The input Block Start

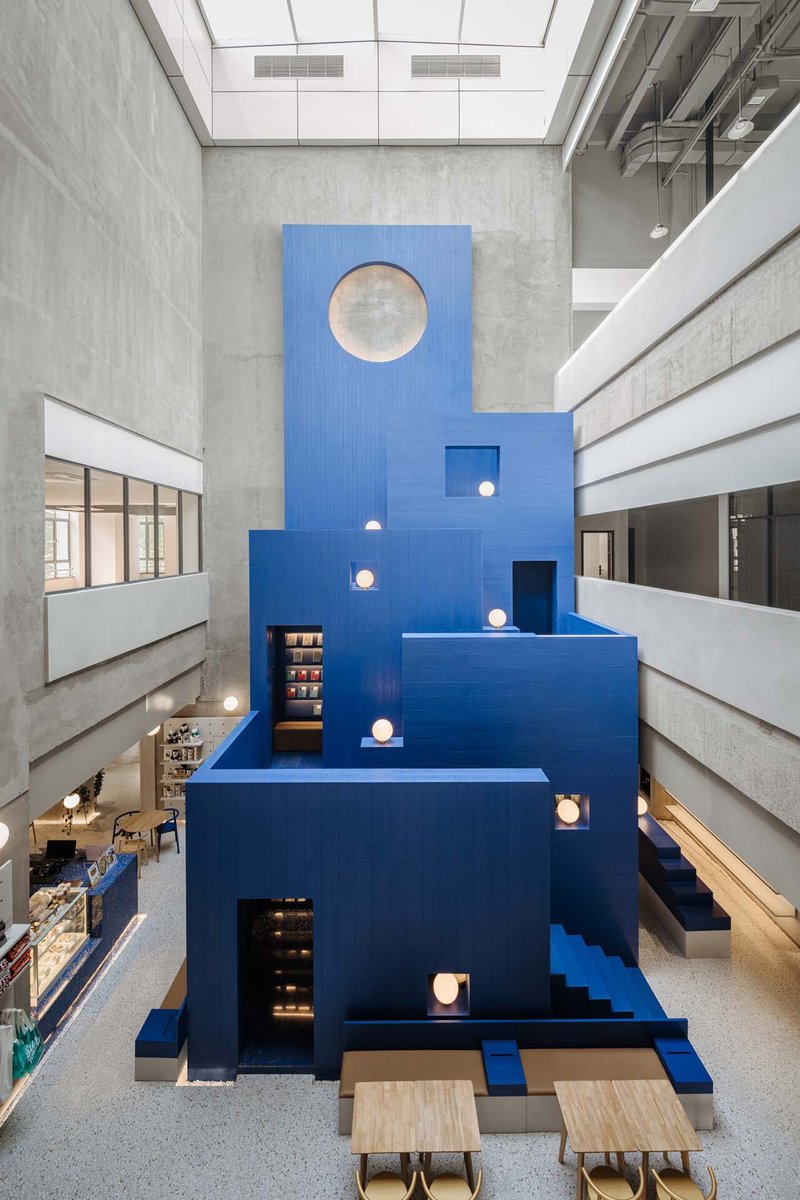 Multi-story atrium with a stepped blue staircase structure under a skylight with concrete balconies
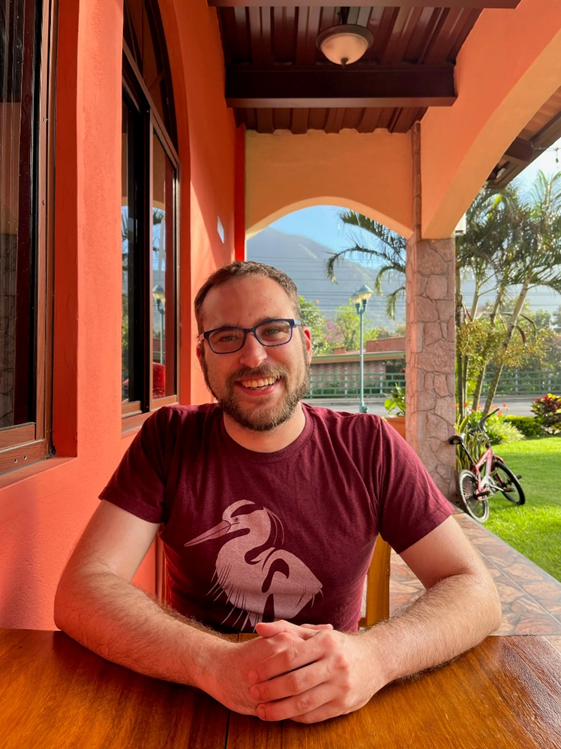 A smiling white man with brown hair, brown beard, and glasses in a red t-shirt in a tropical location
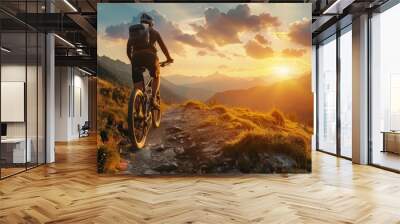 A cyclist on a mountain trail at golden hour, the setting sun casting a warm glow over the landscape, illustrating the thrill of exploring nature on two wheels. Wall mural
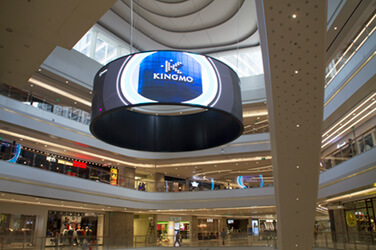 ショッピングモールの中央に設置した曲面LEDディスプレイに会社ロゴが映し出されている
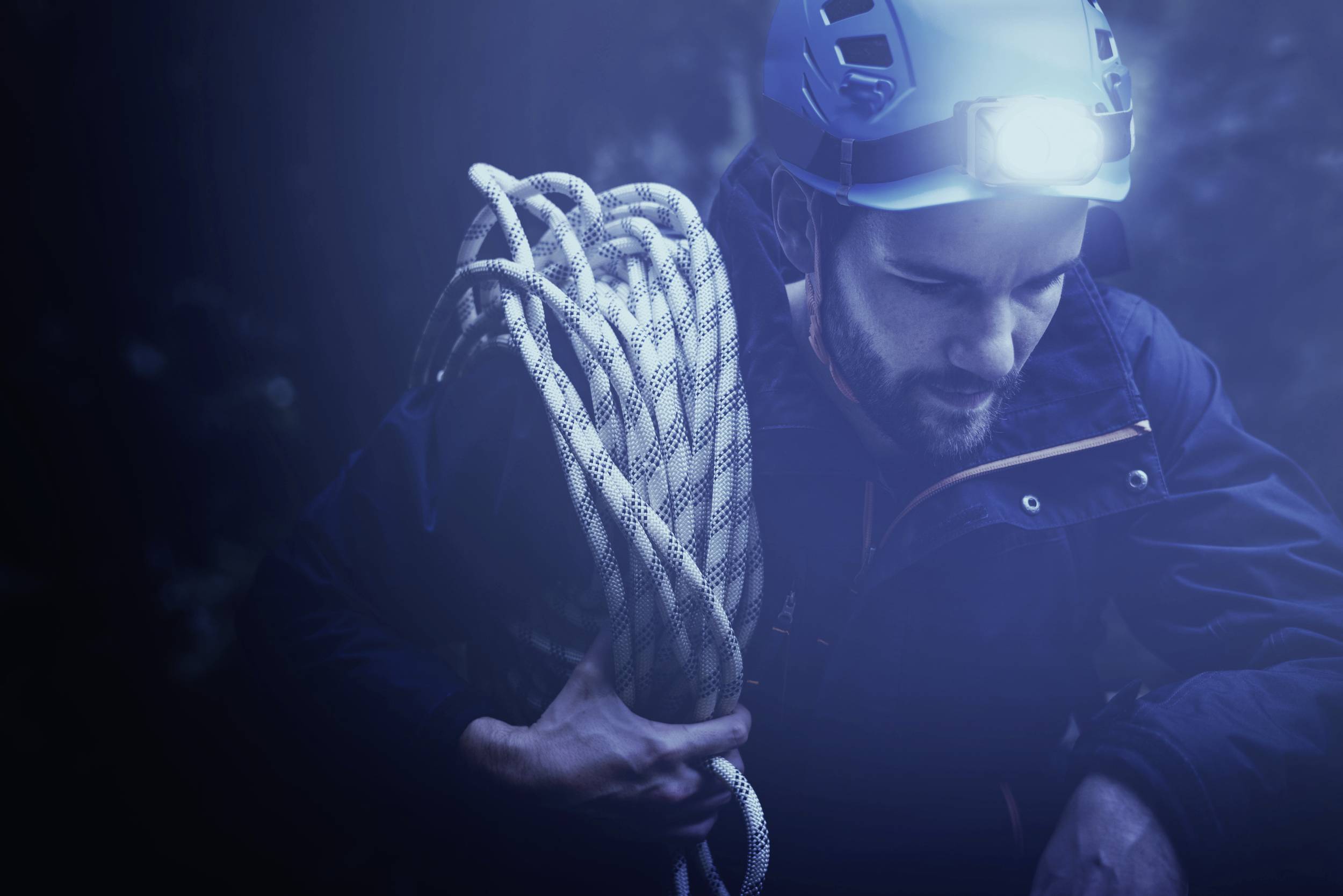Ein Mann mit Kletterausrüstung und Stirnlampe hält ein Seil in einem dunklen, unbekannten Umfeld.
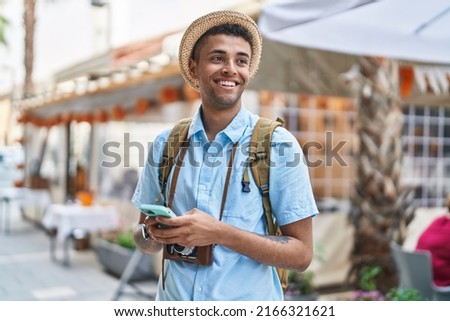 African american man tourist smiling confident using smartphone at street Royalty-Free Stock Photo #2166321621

The input Block End

What to produce. Set down, exactly as written above, each line from the one with "A cyclist on" through the one with "Ein Mann mit", and skip the pictures.

Answer.
 A cyclist on a mountain trail at golden hour, the setting sun casting a warm glow over the landscape, illustrating the thrill of exploring nature on two wheels. Wall mural
 ショッピングモールの中央に設置した曲面LEDディスプレイに会社ロゴが映し出されている
Ein Mann mit Kletterausrüstung und Stirnlampe hält ein Seil in einem dunklen, unbekannten Umfeld.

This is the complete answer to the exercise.